From Newsgroup: rec.puzzles

In article <10heml0$29ci5$1@dont-email.me>,
David Entwistle <qnivq.ragjvfgyr@ogvagrearg.pbz> wrote:

I've read the Wikipedia page:

https://en.wikipedia.org/wiki/St._Petersburg_paradox

but the answer provided, that the expected value (E) is given by:

E = 1/2 x 2 + 1/4 x 4 + 1/8 x 8 + ... 1/n x 2^(n-1)

[that should be 1/2^n x 2^n - each term is equal to 1]

doesn't seem right. As I understand it, there's only one payout per game, >so you shouldn't add the series of probability-of-payout x payout, for all >rounds.

A single game consists of tossing a coin until it comes up heads.
If that happens on the kth toss, you win 2^k.
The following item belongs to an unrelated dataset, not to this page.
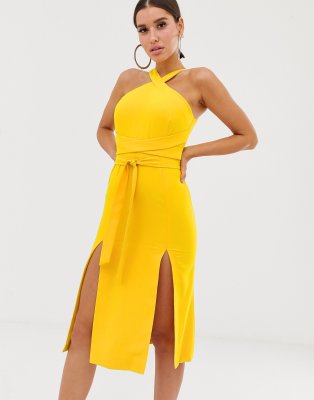 yellow dress with split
The Wikipedia article is confusing because it refers to the "stake"
doubling as if you had to pay for each toss. You pay once at the
start of the game. It's the prize that doubles with each toss.
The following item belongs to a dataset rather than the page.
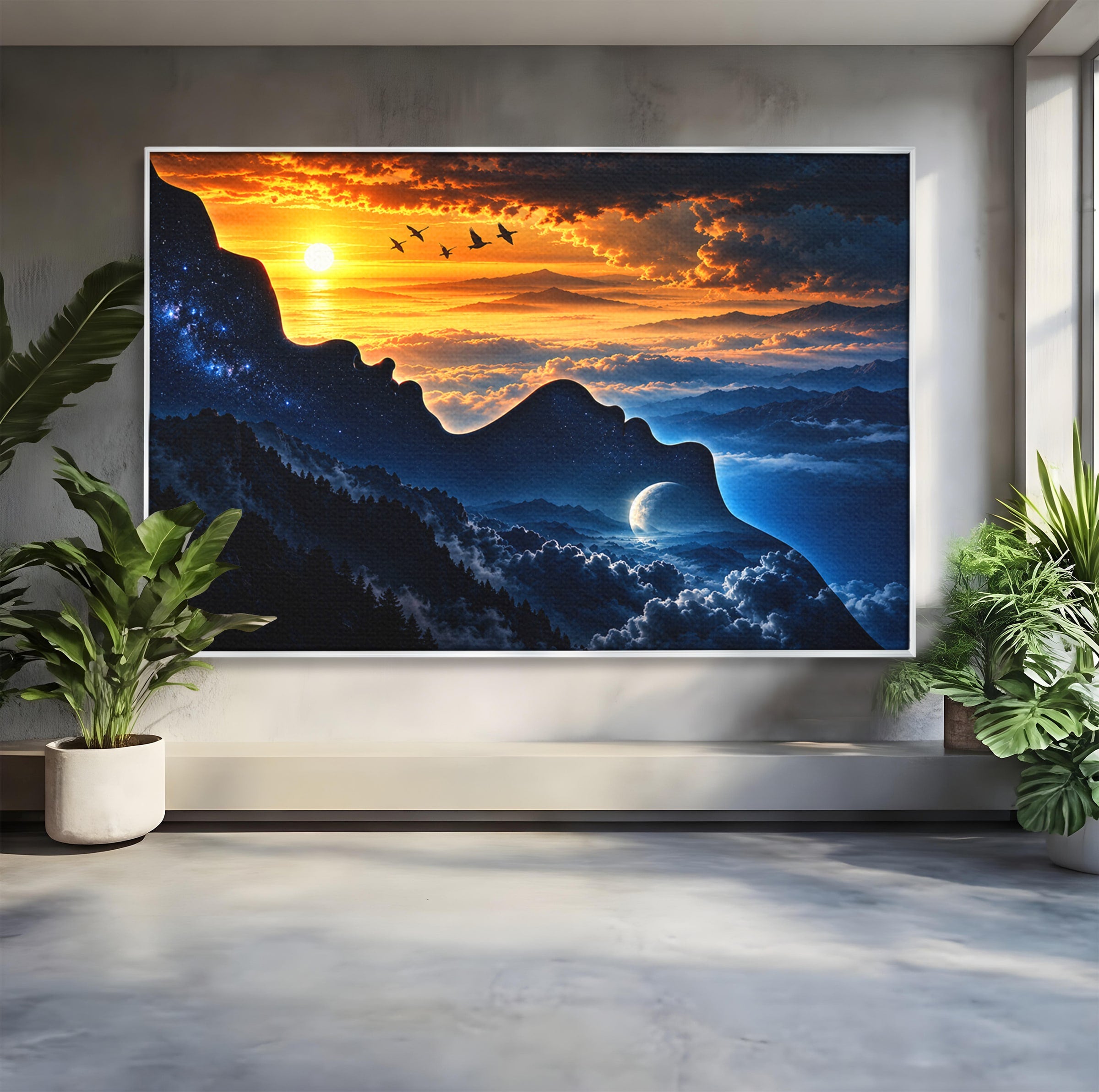 Tablou Canvas Premium LuxCanva® U1215, Profiluri Cosmice, Peisaj, Cosmos, Apus, Living, Dormitor, Culori Vibrante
There's no real paradox here. Paying an amount based on your expected
gain is only sensible under conditions where your actual gain is
likely to be similar to your expected gain, which is not the case here.

-- Richard
--- Synchronet 3.21a-Linux NewsLink 1.2

From Newsgroup: rec.puzzles

On Thu, 11 Dec 2025 17:16:41 -0000 (UTC), Richard Tobin wrote:

[that should be 1/2^n x 2^n - each term is equal to 1]

Thanks.

A single game consists of tossing a coin until it comes up heads.
If that happens on the kth toss, you win 2^k.

Yes. Gardner starts with an initial prize of $1, whereas the wikipedia
version starts with an initial prize of $2. It's just a detail.

The Wikipedia article is confusing because it refers to the "stake"
doubling as if you had to pay for each toss. You pay once at the start
of the game. It's the prize that doubles with each toss.

Yes.

Running a simulation of 1000 games behaves as expected:

[Coin tosses before payout : count]

0 : 0
1 : 499
2 : 246
3 : 119
4 : 67
5 : 38
6 : 13
7 : 9
8 : 6
9 : 1
10 : 0
11 : 0
12 : 1
13 : 1
14 : 0
15 : 0
... nothing more up to a count of 30 and beyond.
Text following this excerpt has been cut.